(Exercise details) What you return must be an exact copy of the lines in the listing below between the line holding "家族乱入光尚文化控股授出股份奖励" and the line holding "Discover 10 Must", inclusive, and nothing more.

::: Input :::

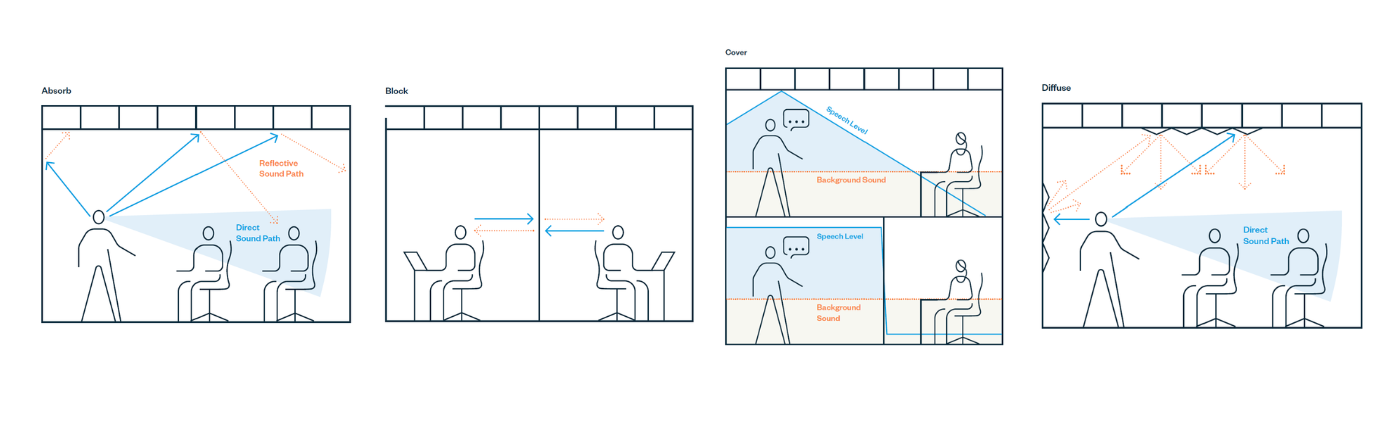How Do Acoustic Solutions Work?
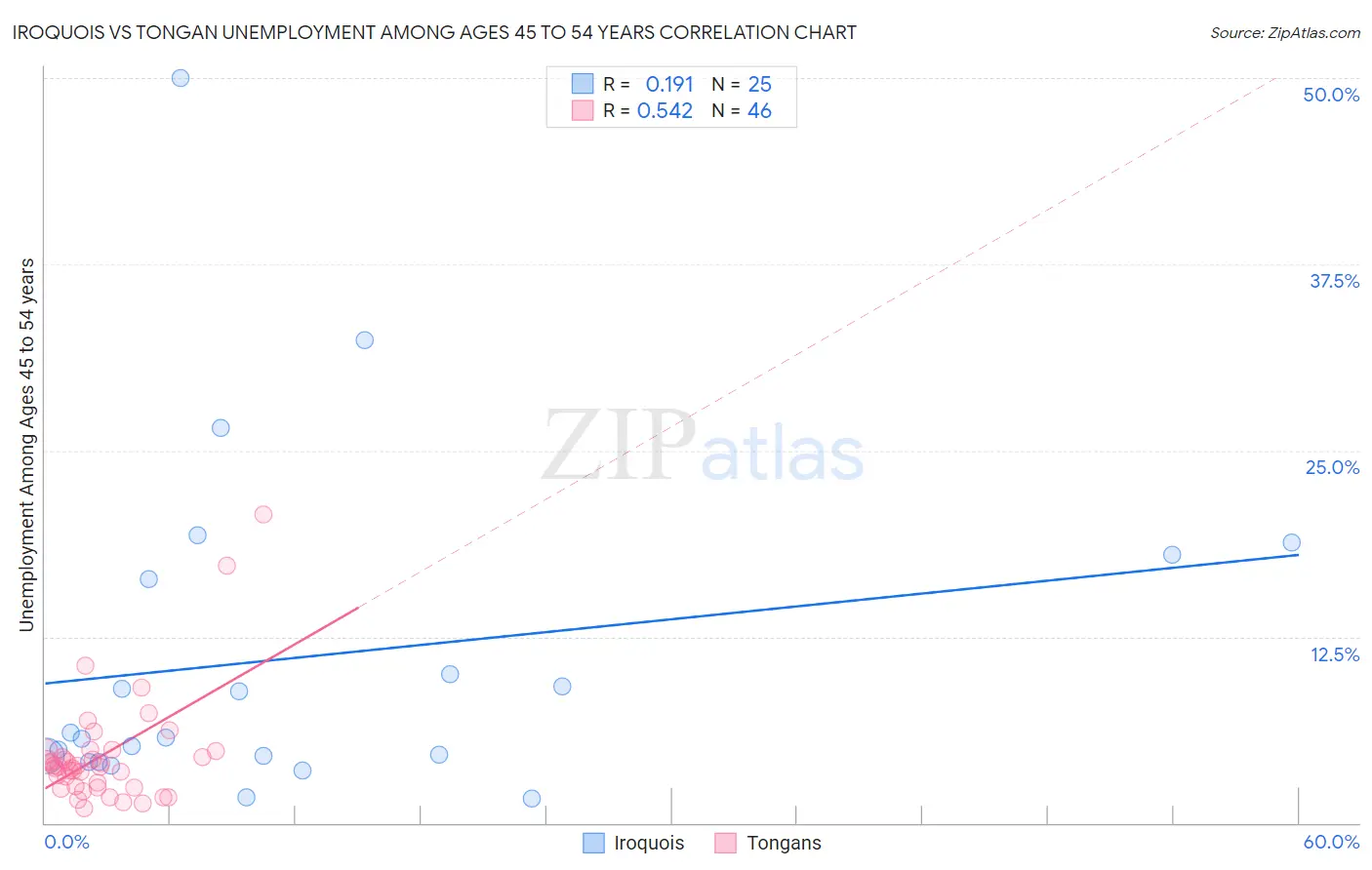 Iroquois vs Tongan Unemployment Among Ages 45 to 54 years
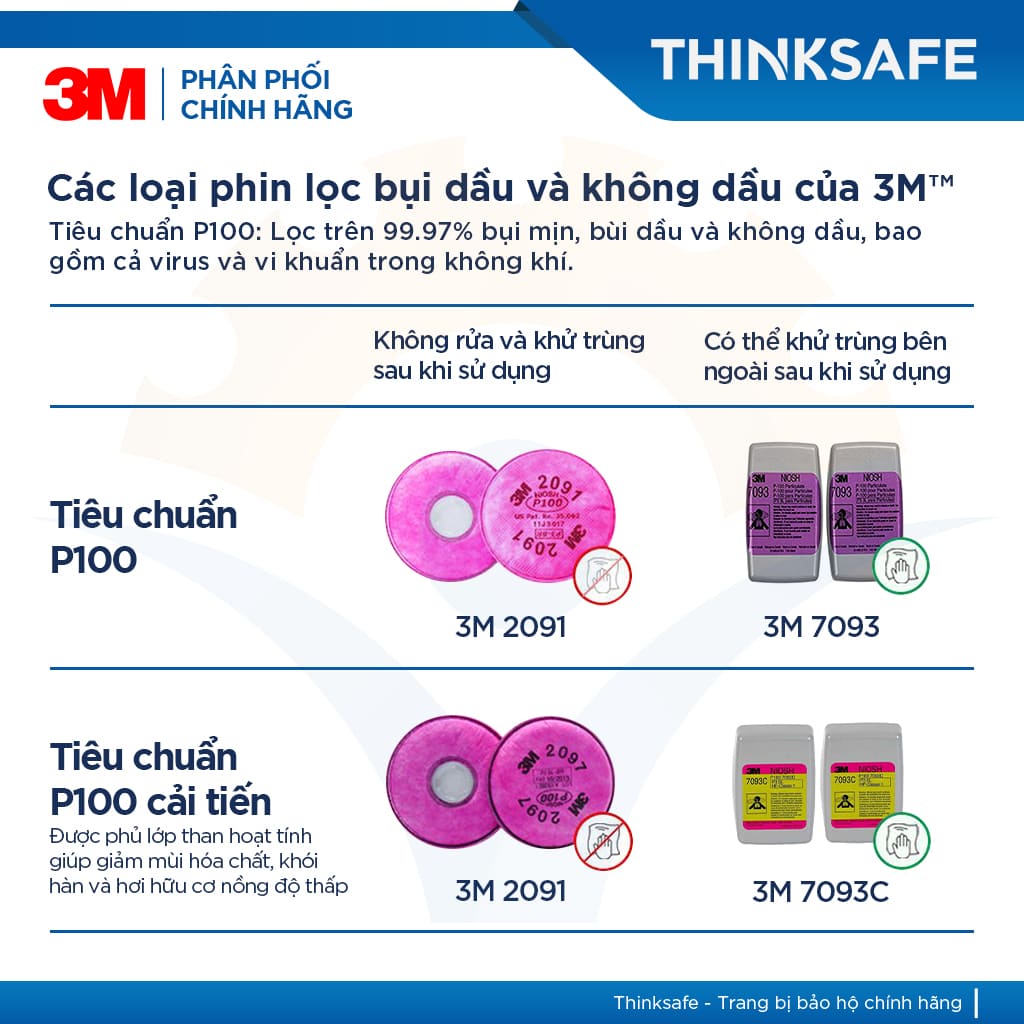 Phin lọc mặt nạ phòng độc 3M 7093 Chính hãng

:::
::: Input :::

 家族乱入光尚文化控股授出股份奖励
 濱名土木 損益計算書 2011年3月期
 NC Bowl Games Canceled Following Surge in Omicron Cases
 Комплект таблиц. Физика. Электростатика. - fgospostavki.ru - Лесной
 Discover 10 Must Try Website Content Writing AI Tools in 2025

:::
::: Input :::

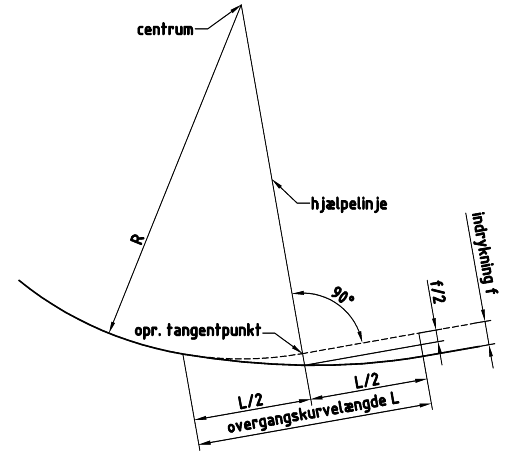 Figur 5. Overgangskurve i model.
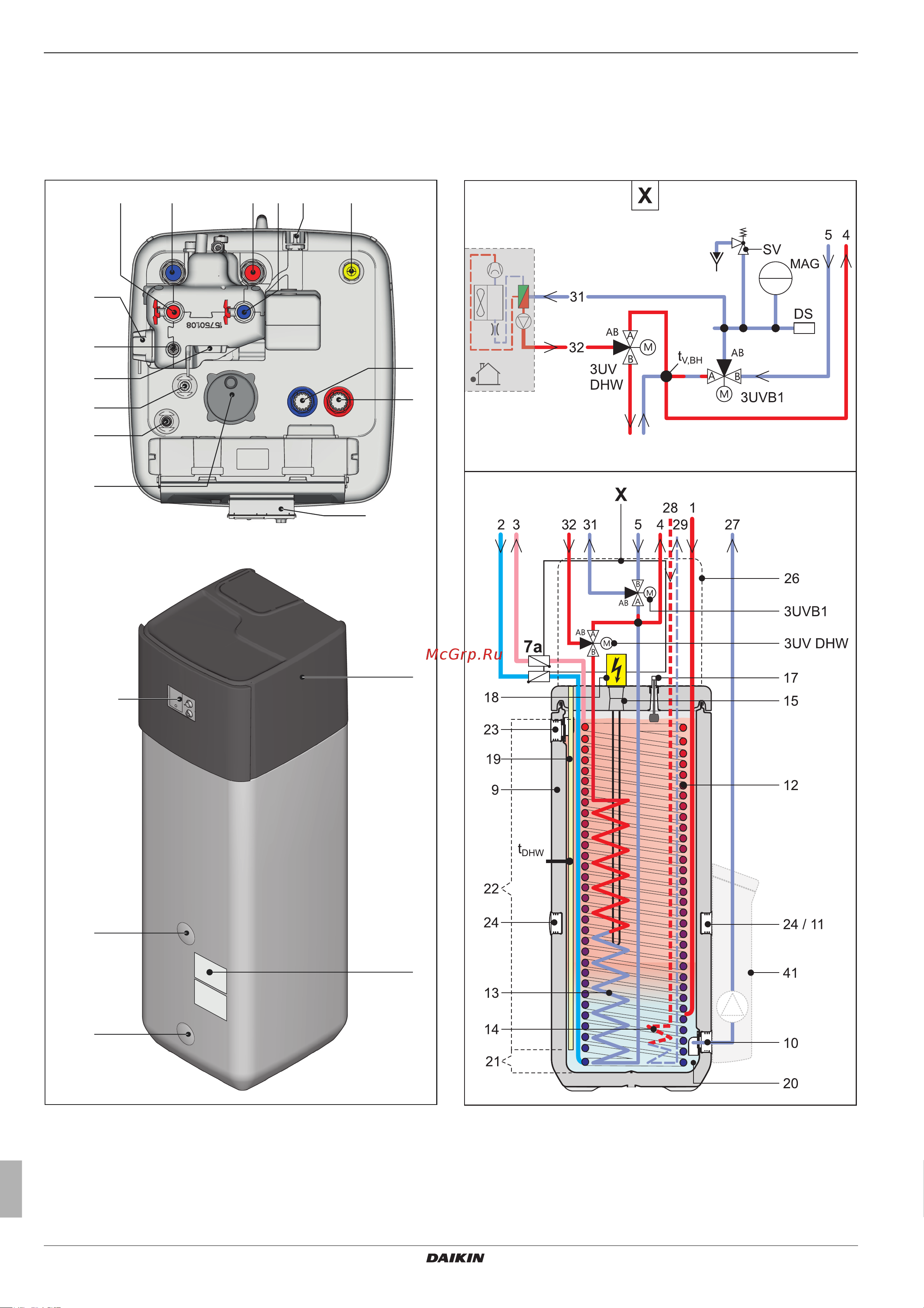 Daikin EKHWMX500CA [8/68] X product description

:::

(Task response)
 家族乱入光尚文化控股授出股份奖励
 濱名土木 損益計算書 2011年3月期
 NC Bowl Games Canceled Following Surge in Omicron Cases
 Комплект таблиц. Физика. Электростатика. - fgospostavki.ru - Лесной
 Discover 10 Must Try Website Content Writing AI Tools in 2025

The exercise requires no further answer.